Aegon has no need for additional core capital; agreement with Dutch State sufficient to maintain strong capital buffer

"Aegon has a sufficient capital buffer given our recent actions," said Jos Streppel, Aegon’s Chief Financial Officer.

Aegon, the owner of Transamerica, confirms that it is currently examining the possibility of acquiring a thrift in the United States. This would potentially allow the company to qualify for the US government’s Troubled Asset Relief Program (TARP).

The company has no need for additional core capital beyond the EUR 3 billion secured from the Dutch State. Aegon believes it is prudent, and possibly advantageous, to explore the terms and conditions under which financial support may be available under TARP.

At present, no decision has been taken either with regard to the acquisition of a thrift in the United States or to Aegon’s eventual participation in TARP. At this stage, it is unclear whether Aegon, as an insurance company domiciled in the Netherlands, would be eligible for the program. Ownership of a bank or a thrift institution is a necessary pre-requisite to any participation.

“Aegon has a sufficient capital buffer given our recent actions.
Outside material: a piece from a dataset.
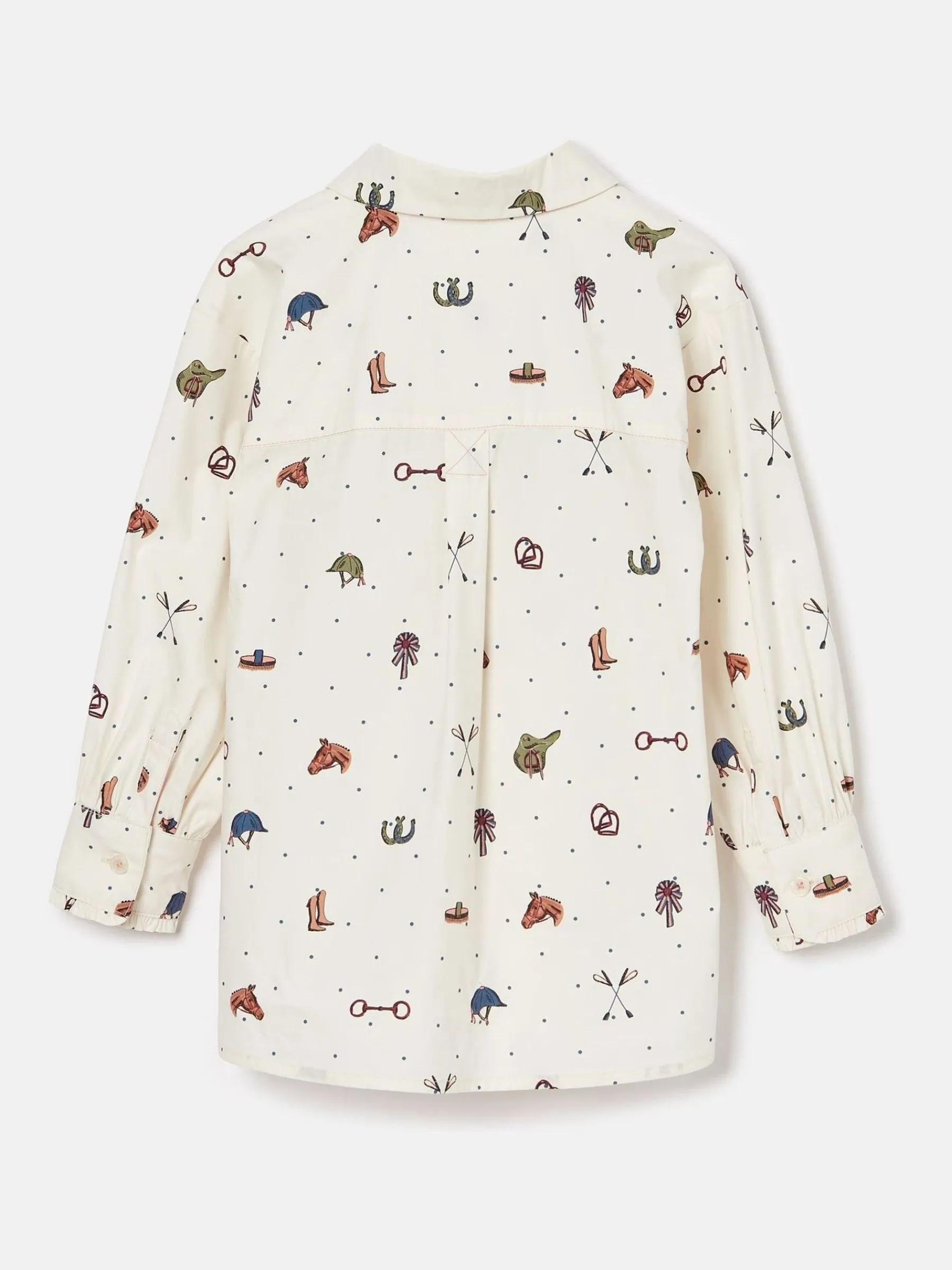 Girls' Liliana Cream Print Pop Over Blouse<Joules Sale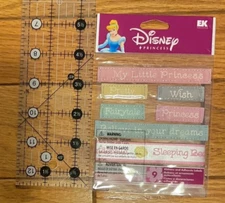 Disney~Ek Success~Princess~Fairytale~Fabric Tags~Dimensional Stickers~New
The EUR 3 billion of core capital we secured last month from the Dutch State, combined with the measures we are taking ourselves, is more than adequate to ensure that we enter 2009 with a strong capital buffer,” said Jos Streppel, Aegon’s Chief Financial Officer.

“In the current market environment, we want to make sure that we carefully explore all possible financing options. And, as a company with sizable operations in the United States, it makes sense for us to examine the terms and conditions which may be available under the US government’s TARP program.”

In recent months, Aegon has taken measures to strengthen its capital position. These measures include:

  • Steps to reduce risk and release capital from the company’s businesses;
  • Foregoing payment of the final dividend to common shareholders for 2008;
  • Securing EUR 3 billion in additional core capital from the Dutch State, of which EUR 1 billion is repayable, at Aegon’s option, within one year.

As a result of these measures, Aegon has a capital buffer significantly in excess of AA rating requirements.

In the third quarter, Aegon released EUR 729 million in additional capital from its businesses. The company expects to free up another EUR 600 million to EUR 800 million in the fourth quarter.